_What is expected_
Transcribe word for word the lines below from the line with "Snygg GANT skjorta - Säljer" through the line with "Picture 5 of 10", ends included.

_Material to process_
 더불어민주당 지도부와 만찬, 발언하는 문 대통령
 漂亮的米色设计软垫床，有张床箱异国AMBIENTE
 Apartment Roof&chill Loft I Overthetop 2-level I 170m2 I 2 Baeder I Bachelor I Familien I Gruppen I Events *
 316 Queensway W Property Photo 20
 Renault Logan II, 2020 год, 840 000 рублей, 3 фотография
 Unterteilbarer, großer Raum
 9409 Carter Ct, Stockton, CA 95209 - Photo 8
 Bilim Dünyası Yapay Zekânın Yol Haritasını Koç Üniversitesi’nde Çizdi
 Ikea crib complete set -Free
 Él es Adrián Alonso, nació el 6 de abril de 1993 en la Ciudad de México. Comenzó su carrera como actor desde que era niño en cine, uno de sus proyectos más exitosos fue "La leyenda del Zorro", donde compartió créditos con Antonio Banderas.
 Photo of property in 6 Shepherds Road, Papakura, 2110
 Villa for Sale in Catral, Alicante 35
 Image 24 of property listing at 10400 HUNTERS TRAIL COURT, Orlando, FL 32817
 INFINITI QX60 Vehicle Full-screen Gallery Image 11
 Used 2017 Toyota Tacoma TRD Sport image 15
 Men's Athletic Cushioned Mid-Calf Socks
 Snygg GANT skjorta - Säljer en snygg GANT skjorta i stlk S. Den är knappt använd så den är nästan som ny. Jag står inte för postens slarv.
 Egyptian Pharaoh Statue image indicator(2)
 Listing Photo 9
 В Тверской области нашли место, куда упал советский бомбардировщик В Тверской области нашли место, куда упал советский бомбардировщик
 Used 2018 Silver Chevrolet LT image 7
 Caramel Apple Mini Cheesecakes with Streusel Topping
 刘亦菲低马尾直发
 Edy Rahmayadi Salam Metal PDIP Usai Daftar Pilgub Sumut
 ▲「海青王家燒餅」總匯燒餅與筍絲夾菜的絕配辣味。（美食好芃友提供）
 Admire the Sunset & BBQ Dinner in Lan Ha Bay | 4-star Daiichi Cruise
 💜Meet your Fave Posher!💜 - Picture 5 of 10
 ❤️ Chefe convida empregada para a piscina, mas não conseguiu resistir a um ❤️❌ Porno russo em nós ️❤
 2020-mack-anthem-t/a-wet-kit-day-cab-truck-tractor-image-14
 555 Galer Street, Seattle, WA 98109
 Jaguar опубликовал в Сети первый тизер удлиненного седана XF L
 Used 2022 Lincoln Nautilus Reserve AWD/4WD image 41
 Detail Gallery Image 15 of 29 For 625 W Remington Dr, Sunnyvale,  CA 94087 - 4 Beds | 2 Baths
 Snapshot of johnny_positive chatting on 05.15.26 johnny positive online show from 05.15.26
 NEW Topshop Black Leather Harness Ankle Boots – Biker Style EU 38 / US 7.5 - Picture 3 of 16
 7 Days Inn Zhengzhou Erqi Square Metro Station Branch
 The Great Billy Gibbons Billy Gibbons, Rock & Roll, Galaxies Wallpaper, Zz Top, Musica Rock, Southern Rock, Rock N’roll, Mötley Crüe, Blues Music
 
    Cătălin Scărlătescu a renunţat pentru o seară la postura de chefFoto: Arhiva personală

_Answer to this problem_
 Snygg GANT skjorta - Säljer en snygg GANT skjorta i stlk S. Den är knappt använd så den är nästan som ny. Jag står inte för postens slarv.
 Egyptian Pharaoh Statue image indicator(2)
 Listing Photo 9
 В Тверской области нашли место, куда упал советский бомбардировщик В Тверской области нашли место, куда упал советский бомбардировщик
 Used 2018 Silver Chevrolet LT image 7
 Caramel Apple Mini Cheesecakes with Streusel Topping
 刘亦菲低马尾直发
 Edy Rahmayadi Salam Metal PDIP Usai Daftar Pilgub Sumut
 ▲「海青王家燒餅」總匯燒餅與筍絲夾菜的絕配辣味。（美食好芃友提供）
 Admire the Sunset & BBQ Dinner in Lan Ha Bay | 4-star Daiichi Cruise
 💜Meet your Fave Posher!💜 - Picture 5 of 10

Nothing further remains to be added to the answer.